### Extracted information:
-- Opening Marker --
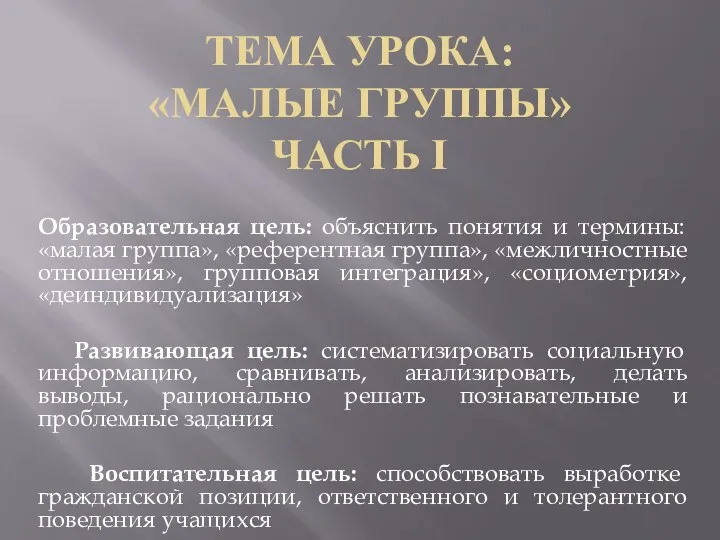 Тема урока: «МАЛЫЕ ГРУППЫ» часть I Образовательная цель: объяснить понятия и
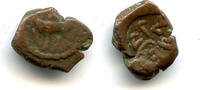 Mittelalter AE AE unit (kakini of 20-ratti) of Ganapati Naga, ca.340 AD, Nagas of Narwar, India -
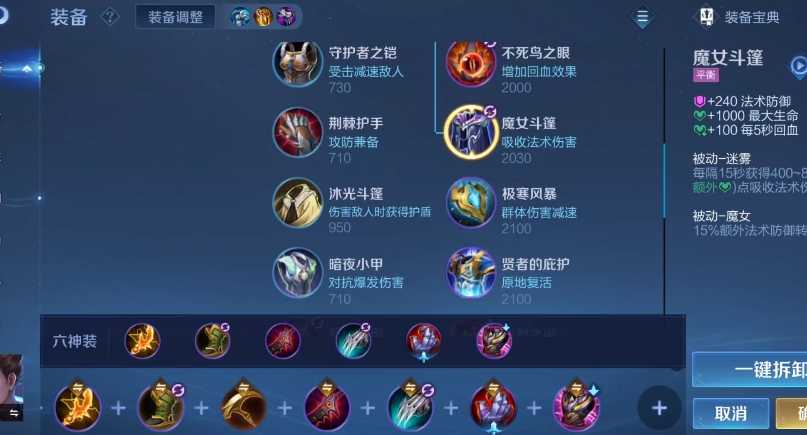 王者荣耀狄仁杰出什么装 王者荣耀狄仁杰出什么装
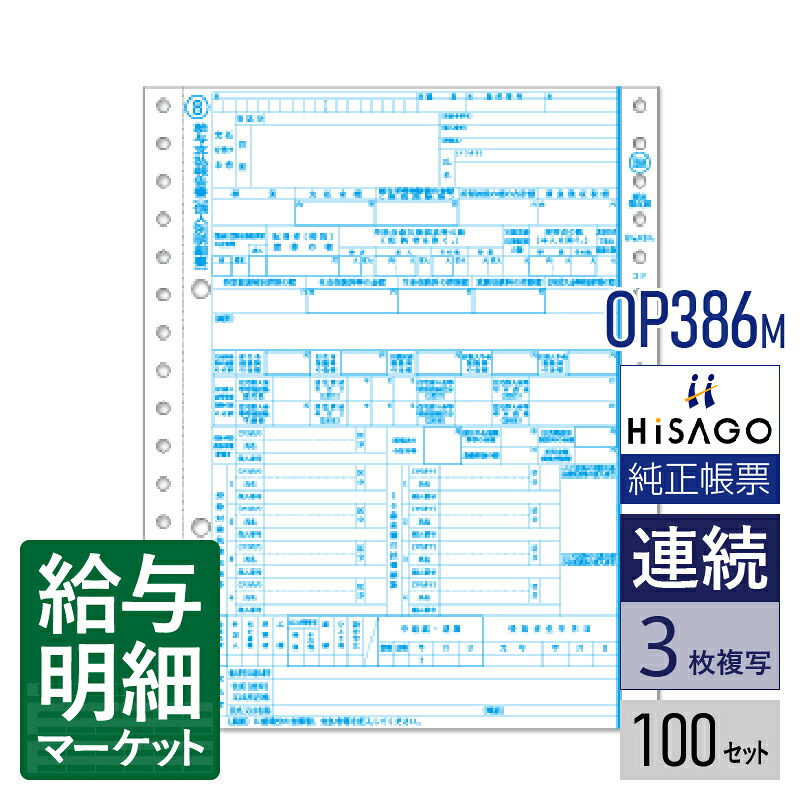 OP386M 令和7年（R07） 所得税源泉徴収票 HiSAGO ヒサゴ 100セット入 連続用紙 ドットプリンタ対応【サンプル提供可】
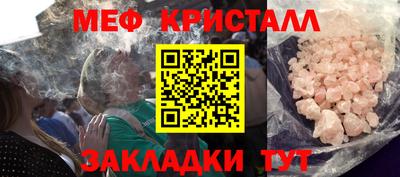 мефедрон мука Кингисепп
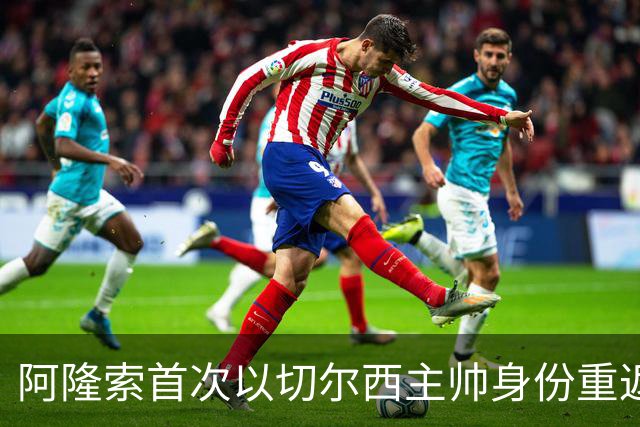 阿隆索首次以切尔西主帅身份重返安菲尔德，帕尔默停赛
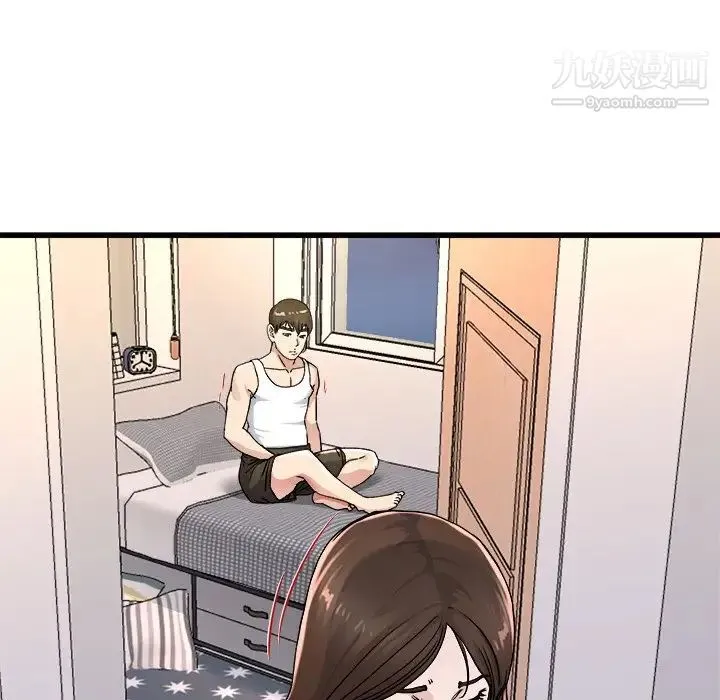 单身爸爸想恋爱 第26话 第73页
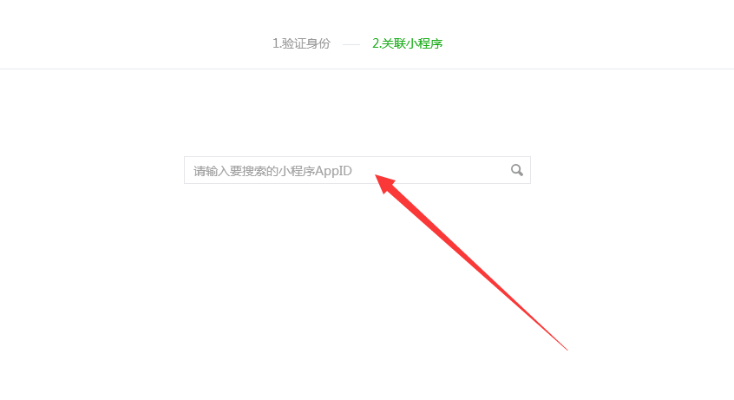 微信小程序怎么变圈圈 微信小程序输入框如何换行
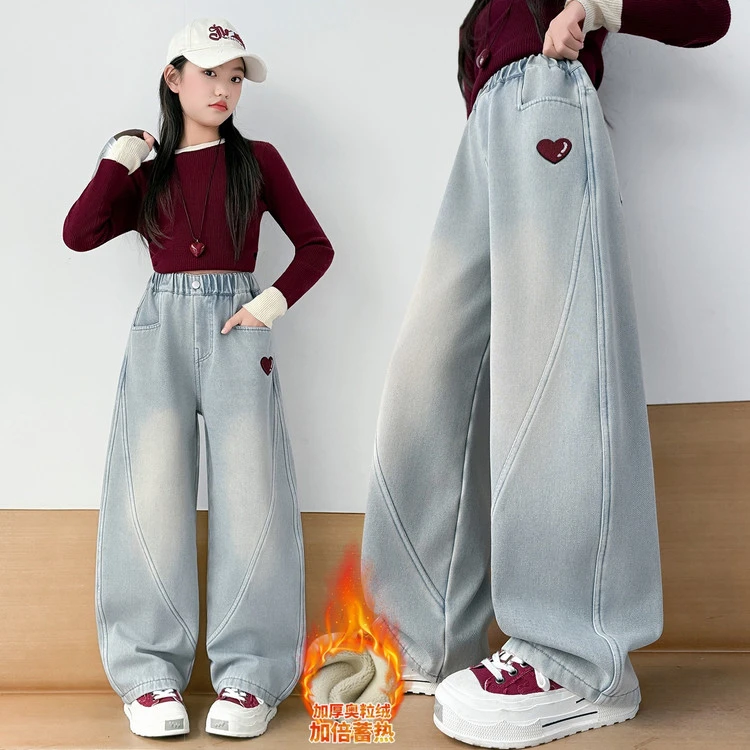 女童加绒加厚牛仔裤2025新款冬季女大童长裤儿童冬装百搭阔腿裤子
-- Closing Marker --
Return the whole of the material above exactly, with no picture carried over.

 Тема урока: «МАЛЫЕ ГРУППЫ» часть I Образовательная цель: объяснить понятия и
 Mittelalter AE AE unit (kakini of 20-ratti) of Ganapati Naga, ca.340 AD, Nagas of Narwar, India -
 王者荣耀狄仁杰出什么装 王者荣耀狄仁杰出什么装
 OP386M 令和7年（R07） 所得税源泉徴収票 HiSAGO ヒサゴ 100セット入 連続用紙 ドットプリンタ対応【サンプル提供可】
 мефедрон мука Кингисепп
 阿隆索首次以切尔西主帅身份重返安菲尔德，帕尔默停赛
 单身爸爸想恋爱 第26话 第73页
 微信小程序怎么变圈圈 微信小程序输入框如何换行
 女童加绒加厚牛仔裤2025新款冬季女大童长裤儿童冬装百搭阔腿裤子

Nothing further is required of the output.